Kampala, Uganda — Uganda has preserved its fourth-place ranking in the Absa Africa Financial Markets Index for 2023, despite a slight decrease in its overall score from 64.4 to 62.8.
The index, which assesses financial market development in African countries, highlighted areas of both improvement and challenge for Uganda, particularly in access to foreign exchange and local investor capacity.
A significant factor contributing to the decline was a weaker performance in the access to foreign exchange (Pillar 2), with Uganda’s score dropping by 10 points to 67. This was attributed to a decrease in interbank foreign exchange turnover and a reduction in international reserves, which fell nearly 18% to $3.6 billion in 2022, equating to 3.4 months of import coverage, down from 4.6 months the previous year.
On the other hand, Uganda showed progress in the macroeconomic environment and transparency (Pillar 5), where its score improved by one point to 86, maintaining its second-place position in this category. The improvement was driven by a slight decrease in external debt as a percentage of GDP and by the country’s continued high marks for policy transparency, macroeconomic data standards, and a relatively low inflation rate.
Jeff Gable, Chief Economist at Absa, said despite the recent uptick, inflation in Uganda is expected to briefly touch the 5% target mid-year before settling at 4.4% by December 2024, with an average of 4.2% forecast for the year, compared to 5.4% in 2023.
Uganda also remained steady in legal standards and enforceability (Pillar 6) with a score of 85, showcasing advancements such as the adoption of netting legislation. This move aligns Uganda with international legal standards and is expected to further enhance the country’s attractiveness to investors.

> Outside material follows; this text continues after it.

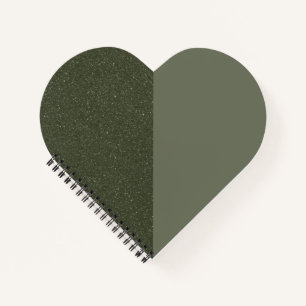 Anpassbare Zwei-Tone-Herz-Spiral-Notebook Notizbuch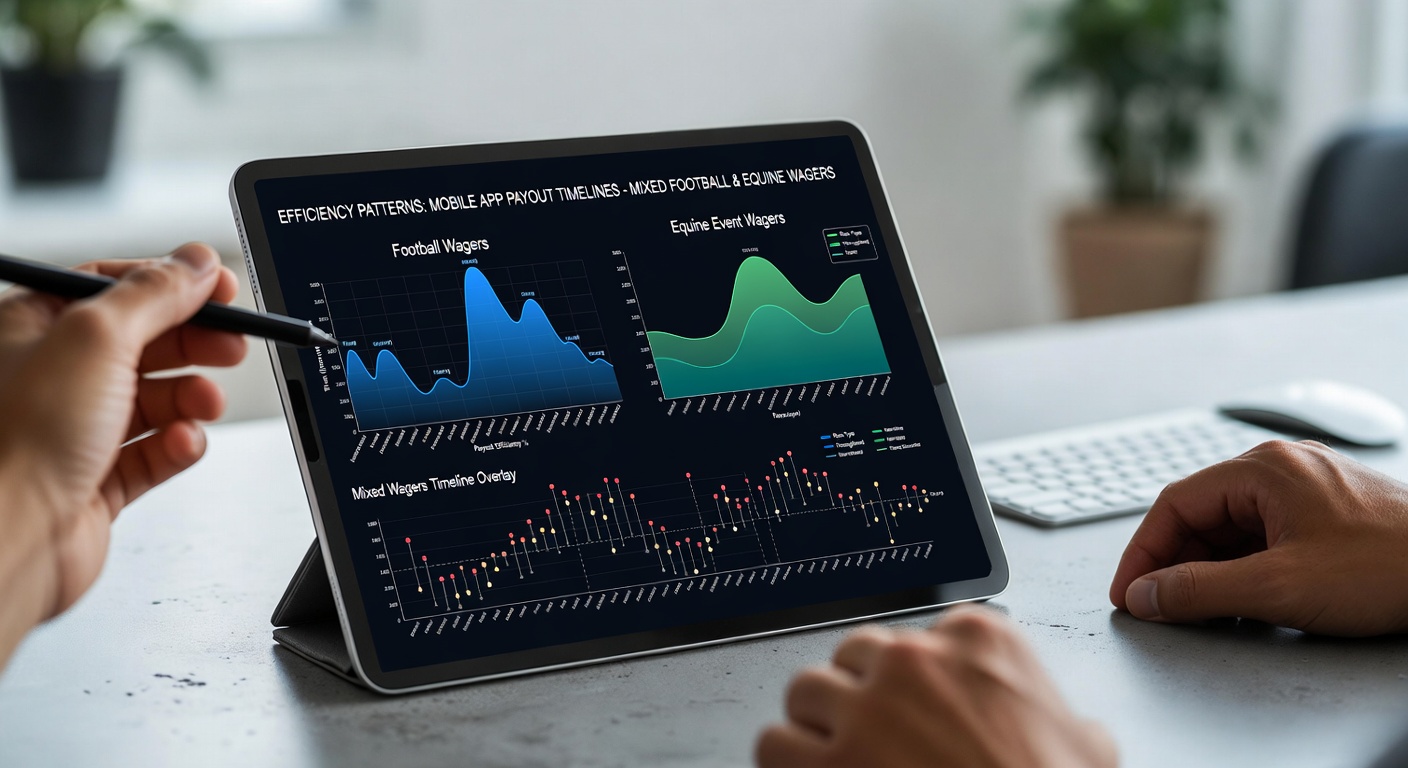 Mobile betting app dashboard displaying payout status for combined football and horse racing wagers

However, the capacity of local investors (Pillar 4) emerged as an area requiring attention, with Uganda’s score dipping slightly to 14. The decrease was linked to a reduction in pension fund assets per capita, highlighting the need for initiatives to boost domestic investment capacity.
Alan Lwetabe, Director of Investments at the Deposit Protection Fund of Uganda, underscored the importance of creating a supportive environment for Ugandan businesses through tax incentives and education on financial markets and governance.
“We also need to give confidence to Ugandan businesses that they would be supported once they formalize and one of the areas to look at is tax incentives. We need to build a new Kampala corporate community,” he said.
He also stressed the need for enhanced liquidity in domestic markets to foster economic growth and socio-economic transformation.
Despite the challenges, initiatives such as the project to link centralised securities depositories and the ‘Okusevinga’ initiative aimed at improving retail investor access to government bonds are underway to bolster market depth and liquidity.
Looking forward, as Uganda navigates the complexities of enhancing its financial market infrastructure, the collaborative efforts of stakeholders across the private and public sectors are deemed crucial for the country’s continued advancement in the Absa Africa Financial Markets Index.